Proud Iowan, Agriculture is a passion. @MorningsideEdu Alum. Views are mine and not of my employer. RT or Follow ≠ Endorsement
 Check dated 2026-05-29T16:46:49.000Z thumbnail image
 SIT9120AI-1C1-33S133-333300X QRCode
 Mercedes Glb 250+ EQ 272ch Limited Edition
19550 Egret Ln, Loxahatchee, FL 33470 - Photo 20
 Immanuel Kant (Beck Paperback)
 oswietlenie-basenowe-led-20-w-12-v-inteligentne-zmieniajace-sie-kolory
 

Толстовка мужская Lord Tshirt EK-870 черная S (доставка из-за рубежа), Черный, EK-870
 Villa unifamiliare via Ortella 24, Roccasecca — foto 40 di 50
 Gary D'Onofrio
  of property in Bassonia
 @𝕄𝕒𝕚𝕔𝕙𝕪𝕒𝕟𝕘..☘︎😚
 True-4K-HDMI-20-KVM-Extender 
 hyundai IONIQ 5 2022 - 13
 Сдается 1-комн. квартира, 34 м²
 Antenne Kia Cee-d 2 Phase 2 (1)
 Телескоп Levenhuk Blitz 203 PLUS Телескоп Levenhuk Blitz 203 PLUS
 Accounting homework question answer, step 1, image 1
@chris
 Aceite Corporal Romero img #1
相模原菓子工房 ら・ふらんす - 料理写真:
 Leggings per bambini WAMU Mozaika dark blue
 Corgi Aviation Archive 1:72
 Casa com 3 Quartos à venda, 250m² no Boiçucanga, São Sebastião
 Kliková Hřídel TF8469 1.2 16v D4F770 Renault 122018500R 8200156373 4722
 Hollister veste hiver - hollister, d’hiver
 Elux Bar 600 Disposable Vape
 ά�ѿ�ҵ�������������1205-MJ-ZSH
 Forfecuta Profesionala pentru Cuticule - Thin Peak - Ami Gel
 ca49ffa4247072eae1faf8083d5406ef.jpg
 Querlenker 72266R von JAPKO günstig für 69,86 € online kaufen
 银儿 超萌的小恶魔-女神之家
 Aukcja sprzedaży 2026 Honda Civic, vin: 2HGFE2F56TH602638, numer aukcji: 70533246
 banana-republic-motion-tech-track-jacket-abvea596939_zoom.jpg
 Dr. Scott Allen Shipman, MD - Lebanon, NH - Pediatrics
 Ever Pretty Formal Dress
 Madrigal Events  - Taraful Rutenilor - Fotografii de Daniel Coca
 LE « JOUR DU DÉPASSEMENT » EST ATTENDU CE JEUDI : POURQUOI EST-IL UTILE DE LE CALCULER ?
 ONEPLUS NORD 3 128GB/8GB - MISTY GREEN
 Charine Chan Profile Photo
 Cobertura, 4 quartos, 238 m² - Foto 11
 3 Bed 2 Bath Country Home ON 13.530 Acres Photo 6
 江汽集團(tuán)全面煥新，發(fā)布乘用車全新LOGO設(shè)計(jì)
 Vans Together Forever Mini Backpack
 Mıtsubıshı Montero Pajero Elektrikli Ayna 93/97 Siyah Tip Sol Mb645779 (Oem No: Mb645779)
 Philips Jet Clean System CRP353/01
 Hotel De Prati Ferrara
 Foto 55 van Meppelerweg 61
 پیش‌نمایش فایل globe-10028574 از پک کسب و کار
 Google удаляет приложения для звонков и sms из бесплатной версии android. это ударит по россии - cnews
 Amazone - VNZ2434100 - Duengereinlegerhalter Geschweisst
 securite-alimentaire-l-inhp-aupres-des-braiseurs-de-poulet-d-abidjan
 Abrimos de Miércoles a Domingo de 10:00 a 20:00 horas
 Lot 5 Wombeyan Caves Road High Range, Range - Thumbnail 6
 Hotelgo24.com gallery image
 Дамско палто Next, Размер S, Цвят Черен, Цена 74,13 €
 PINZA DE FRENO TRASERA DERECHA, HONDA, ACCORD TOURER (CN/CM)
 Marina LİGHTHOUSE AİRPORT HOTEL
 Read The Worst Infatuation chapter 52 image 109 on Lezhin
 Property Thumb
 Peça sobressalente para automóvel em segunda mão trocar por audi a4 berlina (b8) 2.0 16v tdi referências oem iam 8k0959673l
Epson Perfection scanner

■ WHAT THE TASK ASKS: Check each line of the records above for the string "Photo", and report every line that has it.

■ OUTPUT OF THE TASK:
19550 Egret Ln, Loxahatchee, FL 33470 - Photo 20
 Charine Chan Profile Photo
 3 Bed 2 Bath Country Home ON 13.530 Acres Photo 6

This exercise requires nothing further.